[RFC PATCH 03/24] erofs: add Errno in Rust

Thu Sep 26 21:23:26 AEST 2024

On 2024/9/26 19:01, Ariel Miculas via Linux-erofs wrote:
> On 24/09/26 06:46, Gao Xiang wrote:

...

>>
>>>
>>>>
>>>> 	                Total Size (MiB)	Average layer size (MiB)	Saved / 766.1MiB
>>>> Compressed OCI (tar.gz)	282.5	28.3	63%
>>>> Uncompressed OCI (tar)	766.1	76.6	0%
>>>> Uncomprssed EROFS	109.5	11.0	86%
>>>> EROFS (DEFLATE,9,32k)	46.4	4.6	94%
>>>> EROFS (LZ4HC,12,64k)	54.2	5.4	93%
>>>>
>>>> I don't know which compression algorithm are you using (maybe Zstd?),
>>>> but from the result is
>>>>     EROFS (LZ4HC,12,64k)  54.2
>>>>     PuzzleFS compressed   53?
>>>>     EROFS (DEFLATE,9,32k) 46.4
>>>>
>>>> I could reran with EROFS + Zstd, but it should be smaller.
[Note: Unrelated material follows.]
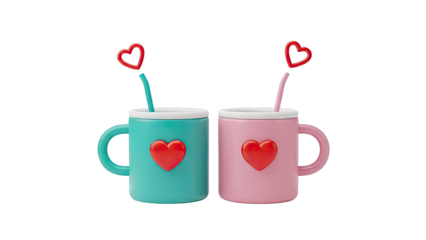 Two Mugs with Heart Decorations and Straws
This feature
>>>> has been supported since Linux 6.1, thanks.
>>>
>>> The average layer size is very impressive for EROFS, great work.
>>> However, if we multiply the average layer size by 10, we get the total
>>> size (5.4 MiB * 10 ~ 54.2 MiB), whereas for PuzzleFS, we see that while
>>> the average layer size is 30 MIB (for the compressed case), the unified
>>> size is only 53 MiB. So this tells me there's blob sharing between the
>>> different versions of Ubuntu Jammy with PuzzleFS, but there's no sharing
>>> with EROFS (what I'm talking about is deduplication across the multiple
>>> versions of Ubuntu Jammy and not within one single version).
>>
>> Don't make me wrong, I don't think you got the point.
>>
>> First, what you asked was `I'm referring specifically to this
>> comment: "EROFS already supports variable-sized chunks + CDC"`,
>> so I clearly answered with the result of compressed data global
>> deduplication with CDC.
>>
>> Here both EROFS and Squashfs compresses 10 Ubuntu images into
>> one image for fair comparsion to show the benefit of CDC, so
> 
> It might be a fair comparison, but that's not how container images are
> distributed. You're trying to argue that I should just use EROFS and I'm

First, OCI layer is just distributed like what I said.

For example, I could introduce some common blobs to keep
chunks as chunk dictionary.   And then the each image
will be just some index, and all data will be
deduplicated.  That is also what Nydus works.

> showing you that EROFS doesn't currently support the functionality
> provided by PuzzleFS: the deduplication across multiple images.

No, EROFS supports external devices/blobs to keep a lot of
chunks too (as dictionary to share data among images), but
clearly it has the upper limit.

But PuzzleFS just treat each individual chunk as a seperate
file, that will cause unavoidable "open arbitary number of
files on reading, even in page fault context".

> 
>> I believe they basically equal to your `Unified size`s, so
>> the result is
>>
>> 			Your unified size
>> 	EROFS (LZ4HC,12,64k)  54.2
>> 	PuzzleFS compressed   53?
>> 	EROFS (DEFLATE,9,32k) 46.4
>>
>> That is why I used your 53 unified size to show EROFS is much
>> smaller than PuzzleFS.
>>
>> The reason why EROFS and SquashFS doesn't have the `Total Size`s
>> is just because we cannot store every individual chunk into some
>> seperate file.
> 
> Well storing individual chunks into separate files is the entire point
> of PuzzleFS.
> 
>>
>> Currently, I have seen no reason to open arbitary kernel files
>> (maybe hundreds due to large folio feature at once) in the page
>> fault context.  If I modified `mkfs.erofs` tool, I could give
>> some similar numbers, but I don't want to waste time now due
>> to `open arbitary kernel files in the page fault context`.
>>
>> As I said, if PuzzleFS finally upstream some work to open kernel
>> files in page fault context, I will definitely work out the same
>> feature for EROFS soon, but currently I don't do that just
>> because it's very controversal and no in-tree kernel filesystem
>> does that.
> 
> The PuzzleFS kernel filesystem driver is still in an early POC stage, so
> there's still a lot more work to be done.

I suggest that you could just ask FS/MM folks about this ("open
kernel files when reading in the page fault") first.

If they say "no", I suggest please don't waste on this anymore.

Thanks,
Gao Xiang